(PROBLEM STATEMENT): Without copying the images, write out all the entries below verbatim.

┌────────

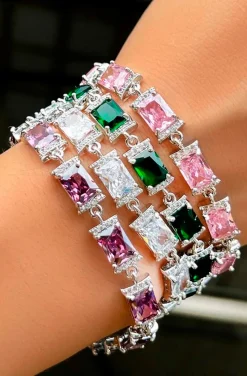 PULSERA CIRCONITAS BAGUETTE PLATA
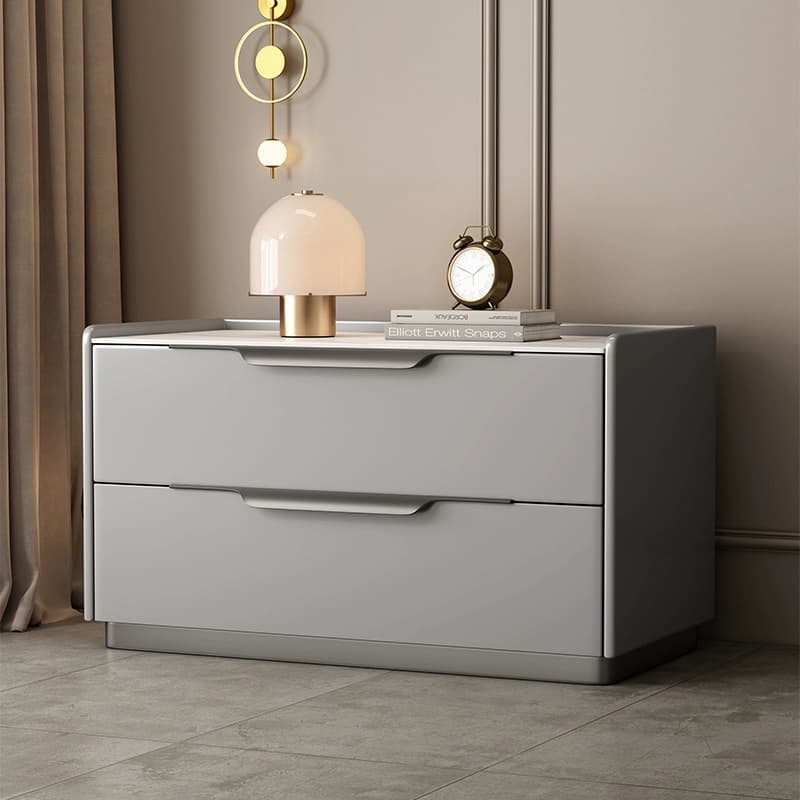 Modern Wooden Nightstand with 2 Drawers in Low Height - Stone Countertop Included thumbnail 2
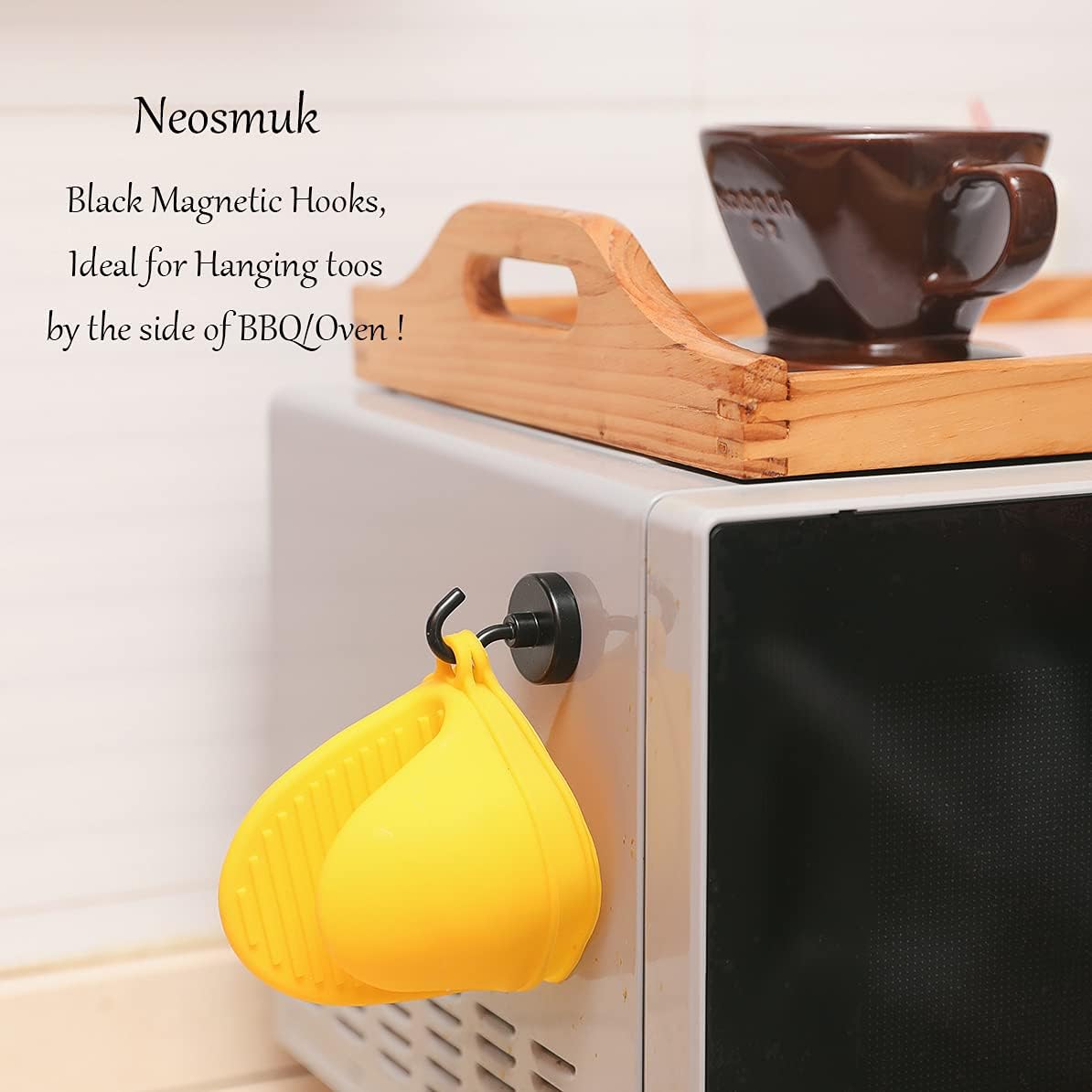 Neosmuk Black Magnetic Hooks Heavy Duty,Extra Strong Magnet with Metal Hook for Refrigerator, Super Magnet for Cruise,Grill, Kitchen,Classroom,Large Magnetic Hanger for Door,BBQ,Tools.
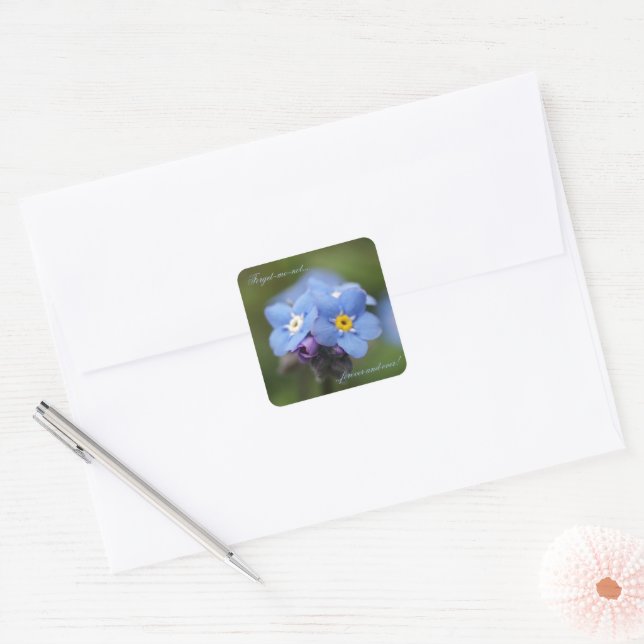 Forget-me-not forever and ever! square sticker (Envelope)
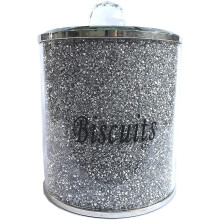 Silver Diamante Jewel Biscuit Jar 16x25Cm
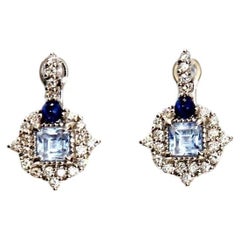 Judith Ripka 18K White Gold Diamonds and Blue Topaz Earrings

└────────

(TASK ANSWER):
 PULSERA CIRCONITAS BAGUETTE PLATA
 Modern Wooden Nightstand with 2 Drawers in Low Height - Stone Countertop Included thumbnail 2
 Neosmuk Black Magnetic Hooks Heavy Duty,Extra Strong Magnet with Metal Hook for Refrigerator, Super Magnet for Cruise,Grill, Kitchen,Classroom,Large Magnetic Hanger for Door,BBQ,Tools.
 Forget-me-not forever and ever! square sticker (Envelope)
 Silver Diamante Jewel Biscuit Jar 16x25Cm
 Judith Ripka 18K White Gold Diamonds and Blue Topaz Earrings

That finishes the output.